Les Doight de l’homme | 29.04.2011

Neuburger Rundschau | Dr. Tobias Böcker
 

Beginn im Bolero, ungerade, vertrackt, dann fegt er los, der Mistral auf 22 Saiten: „Les Doight de l’homme“, drei Gitarren, ein Bass. „Die Finger des Menschen“ sind angetreten, das Erbe nicht nur zu verwalten, sondern weiterzuentwickeln. Im Jahr 2011 erscheint es folgerichtig, den Tribut an Django Reinhardt zu erweitern mit eigenen Mitteln.
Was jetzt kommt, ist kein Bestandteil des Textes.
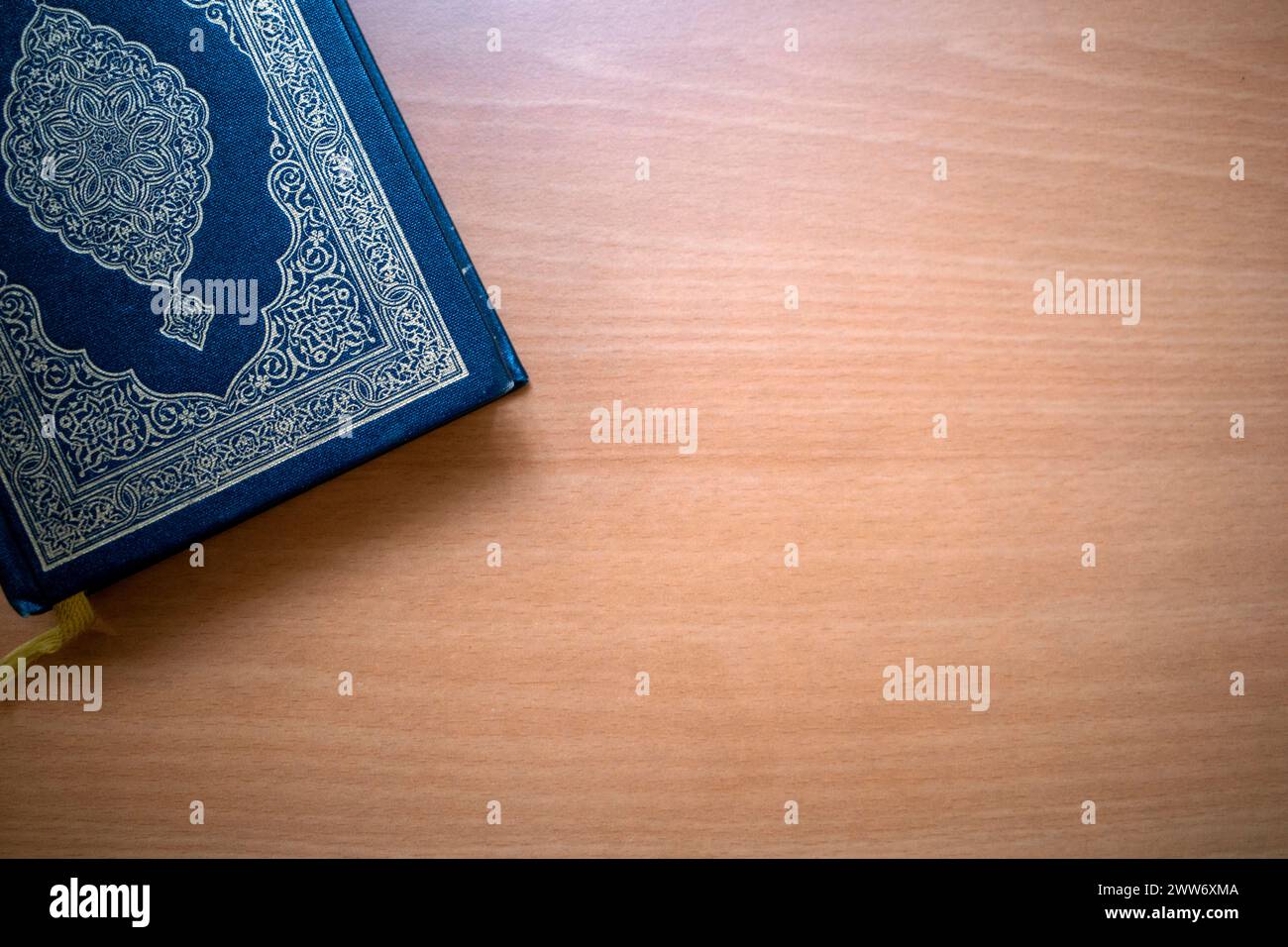 Le Coran, le livre sacré des musulmans sur une table en bois. Copier l'espace. Banque D'Images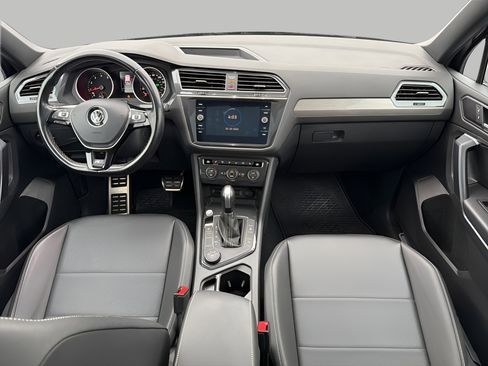 Used 2021 Volkswagen Tiguan SE R-Line image 10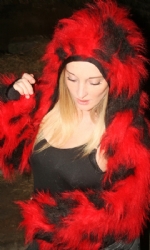 Fur hood shrug BlkRed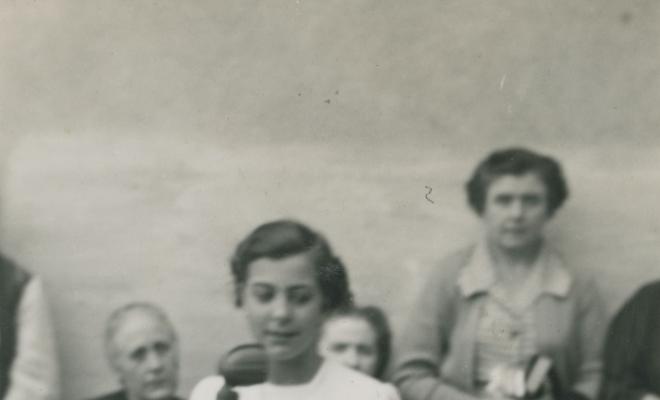 Rosa Roca recitant poemes a la plaça de l'Església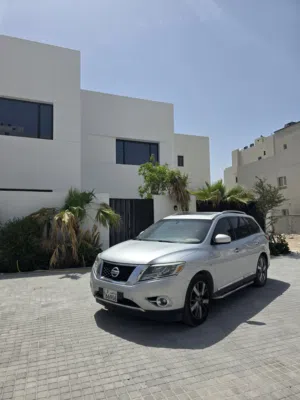 Used Nissan Pathfinder in Hawally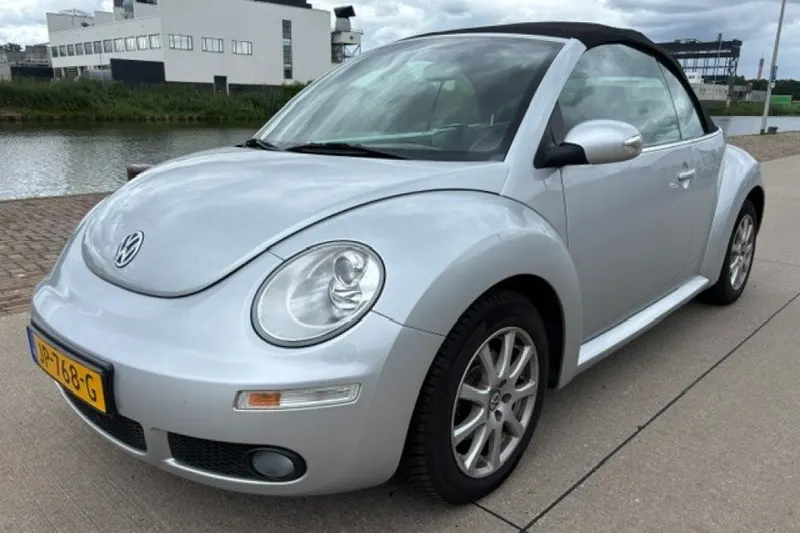 Volkswagen NEW BEETLE (2006)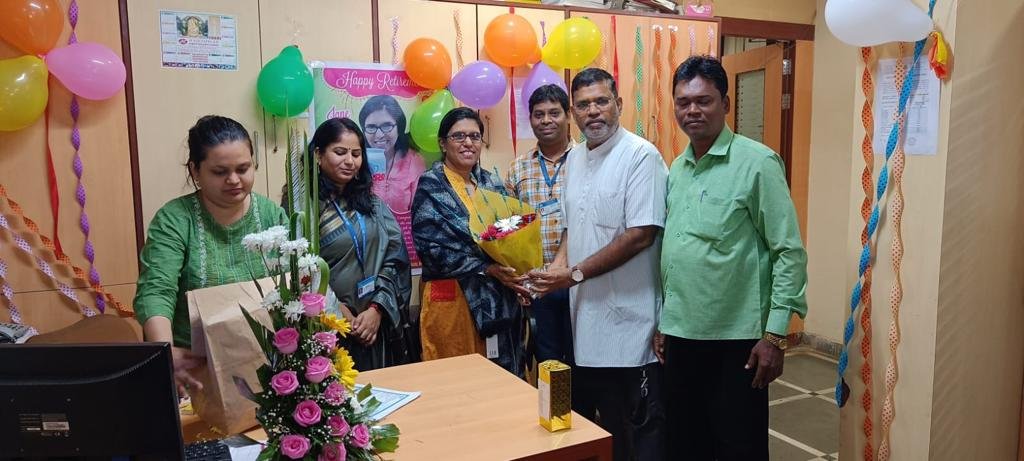 बैंक ऑफिसर जेनी डिसूजा हुए सेवानिवृत्त | New India Times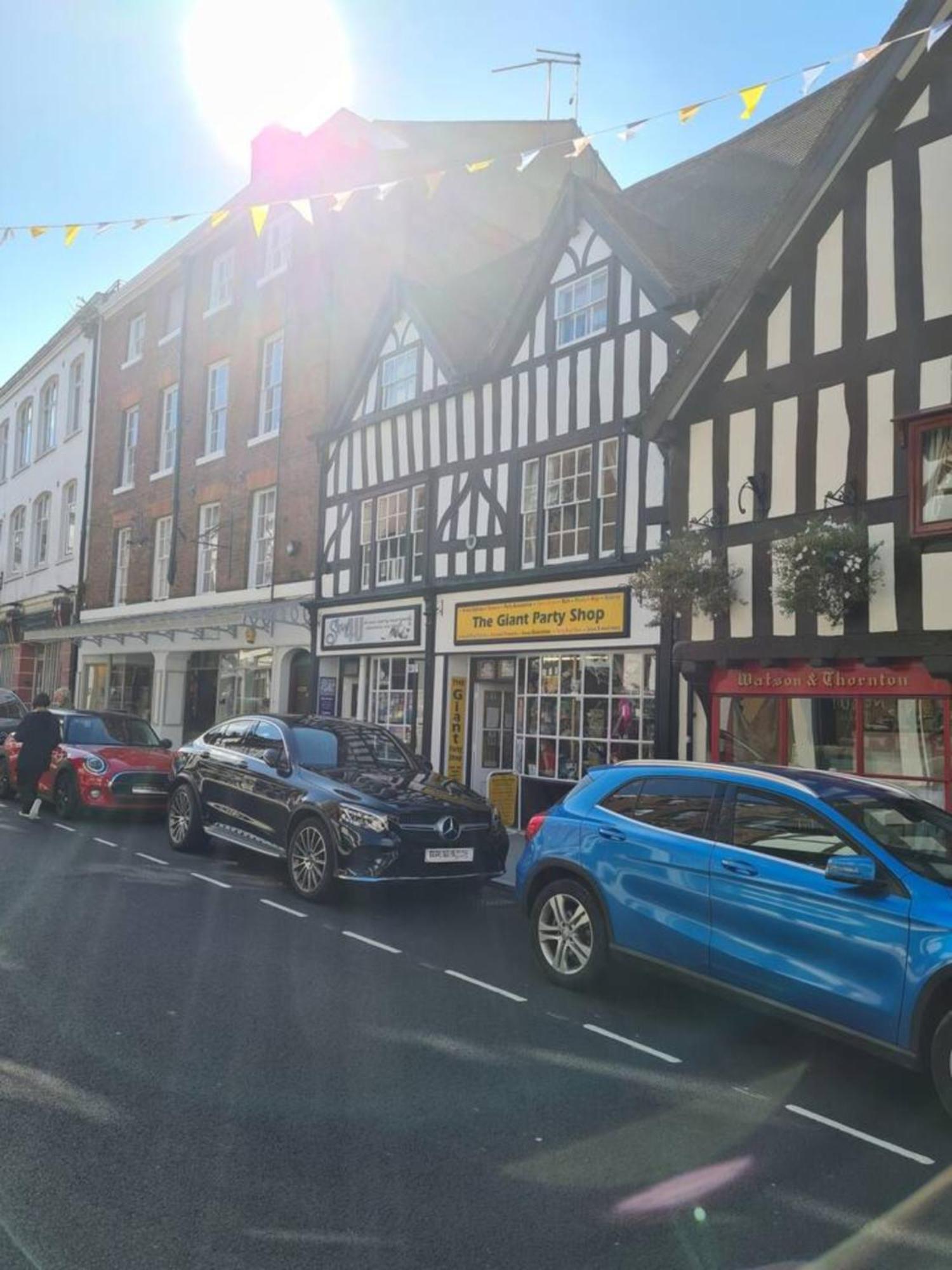 Cosy Corner - Town Centre Flat With Free Nearby Parking Lejlighed Shrewsbury Eksteriør billede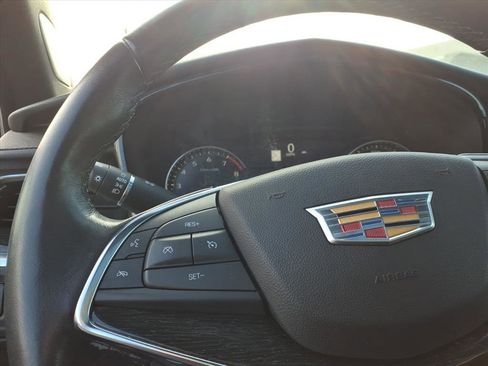 Certified 2023 Cadillac XT5 Premium Luxury image 18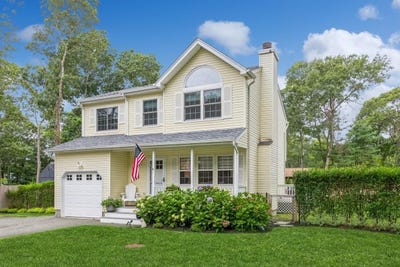 /international/us/1-re-court-hampton-bays-ny-110098133047/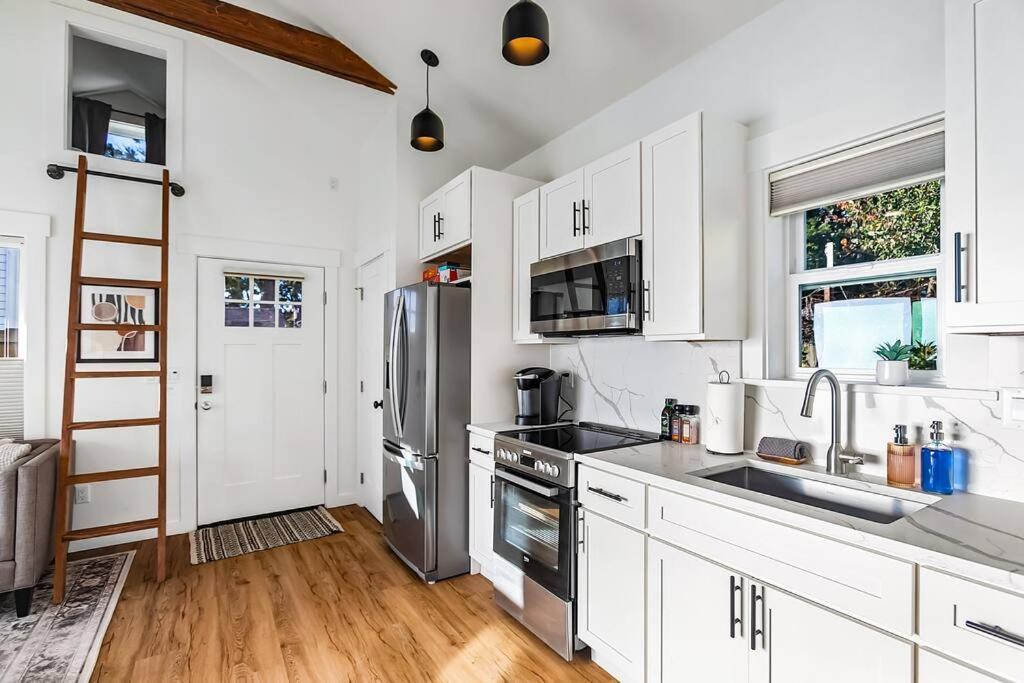 Walk To The Waterfront! The South Sound Suite Tacoma Exteriér fotografie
Selten erklang an der Tradition des Hot Club de France orientierter Gypsy Swing so originell so neu, so frisch, so up to date.

Minor Swing, Sweet Georgia Brown, St. James Infirmary, There Will Never Be Another You, die einschlägigen Standards swingen nur so ineinander, taufrisch, wie wenn die Tinte der Komponisten erst noch trocknen müsste. Wenig Thema, viel spielfreudige Improvisation auch in den eigenen Stücken, dabei mit höchster Präzision des Zusammenspiels: Die drei Gitarristen Olivier Kikteff, Benoit Convert und Yannick Alcocer sowie Tanguy Blum am Bass spielen berückende Musik, injizieren mit tausendfachen kleinen Finessen eine wahre Frischzellenkur ins Stammhirn der Fans.

Die Vier spielen sich die Ideen nur so in die Saiten, ergänzen sich in Groove und Solo zu überaus kreativer Phantasie. Nicht einfach Solowunderkind und Rhythmusgruppe, sondern ein Quartett auf Augenhöhe, dessen vierzig Finger gleichberechtigt über die Saiten fliegen und das Menschen schier Unmögliche aus den Instrumenten zaubern.

Da werden nicht nur technisch die Grenzen ausgelotet, rasant, virtuos und knupserfrisch, immer mit dem Touch des Unerwarteten. Nicht selten gibt’s auch mal etwas schrägere Harmonien, fast psychedelisch anmutende Passagen, spacige Flagoletts im offenen Fluss der Ideen, 2011 eben, unverkennbar in der Tradition verwurzelt, die Zweige weit in den Himmel gestreckt. Das begeisterte Publikum erklatschte diverse Zugaben, fast ein drittes Set!